Building for Scale with Terraform and CI/CD
A Solution Architect’s Notebook
This series follows my journey in designing and building a complete, real time data platform on Databricks. It begins as a personal project and evolves as a professional study in architecture, automation, and governance.
Each article focuses on one stage of the build — from setting up infrastructure with Terraform and GitHub Actions to developing streaming pipelines, enforcing quality, and applying Unity Catalog for data governance.
The intent is not to chase speed but to practise discipline, clarity, and design thinking — the habits that define a Solution Architect.
In the first article “Building a Real Time Flood Warning Pipeline on Databricks, an introduction” I explained why I wanted to build something real, a complete data platform that handles live flood warnings from the UK Government. This is the next stage, where ideas turn into infrastructure.
This part of the journey is about creating the foundation that everything else will rest on. I wanted to stand up a Databricks workspace on Azure, automate it properly, and make sure the entire setup could be destroyed and rebuilt with a single command. In other words, start behaving like a solution architect would in a real project.
Starting from a clean slate
I began with an empty Azure subscription and a blank GitHub repository. There was something satisfying about that. It meant that every line of code I wrote would define something that didn’t exist before.
Terraform became my starting point. The goal was to codify everything: the resource group, the Databricks workspace, the tags, the structure. No clicking around in the portal, no hidden configuration, just declarative code.
I like the feeling of predictability that comes with Terraform. When you run apply, you know exactly what will happen. That predictability is what turns good engineering into architecture.
Defining the environment
The configuration started small and grew carefully. I had a main file for resources, a provider file for configuration, and separate variable and output files. It looked simple, but it had to be exact.
The first challenge came when I needed both the Azure provider to create the workspace and the Databricks provider to manage what happens inside it. It took a few attempts to get those working together without stepping on each other’s toes.
Once it finally applied cleanly, the feeling was immediate relief and quiet satisfaction. Terraform had built the first version of the environment exactly as described.
Automating everything
The next step was automation. I didn’t want to rely on stored client secrets or manual logins. I wanted the workflow itself to authenticate securely every time it ran.

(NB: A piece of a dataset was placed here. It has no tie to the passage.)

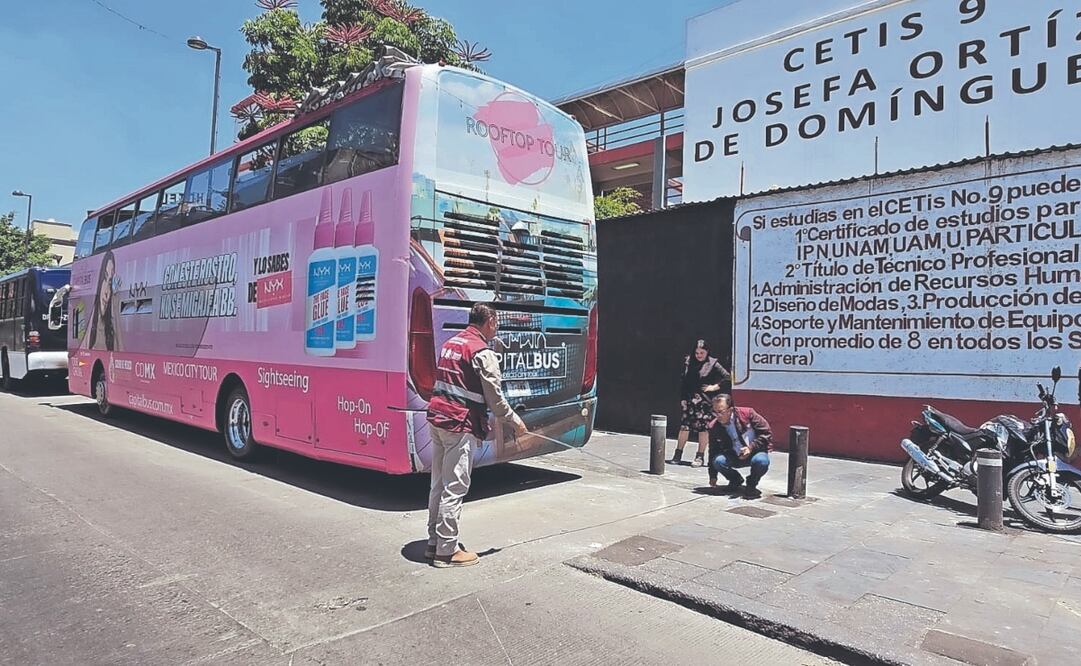 Se probó que el Turibus llegue a la calle Mina para conectar con el centro artesanal, por lo que personal de la Secretaría de Gobierno tomó medidas de la unidad del lado derecho del sentido vial. Foto: Rafael García. El Universal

That’s where OpenID Connect came in. GitHub Actions can request a temporary token from Azure, meaning no secrets stored anywhere. It took a bit of reading and a few authentication errors before it clicked. The key was making sure the subject string in Azure matched the environment name in GitHub exactly.
The first time the workflow ran cleanly and I saw “Federated token exchange successful” in the logs, it felt like progress you could trust. The system was now authenticating on its own terms.
Managing Terraform state
One of the next architectural decisions was where to store the Terraform state file. Keeping it local would have worked for a single user, but not for a proper CI/CD setup. I wanted everything shared between local development and GitHub Actions, so I set up a remote backend in Azure Blob Storage.
A simple backend block connected everything together.
Terraform now read from and wrote to a single shared state, which meant that any change made locally or through the workflow would always see the same reality. That one change made the whole setup feel professional.
The first green run
When the pipeline ran end to end for the first time, the logs told the story:
Run azure/login@v2
Federated token exchange successful
Run terraform init
Run terraform apply
No changes. Your infrastructure matches the configuration.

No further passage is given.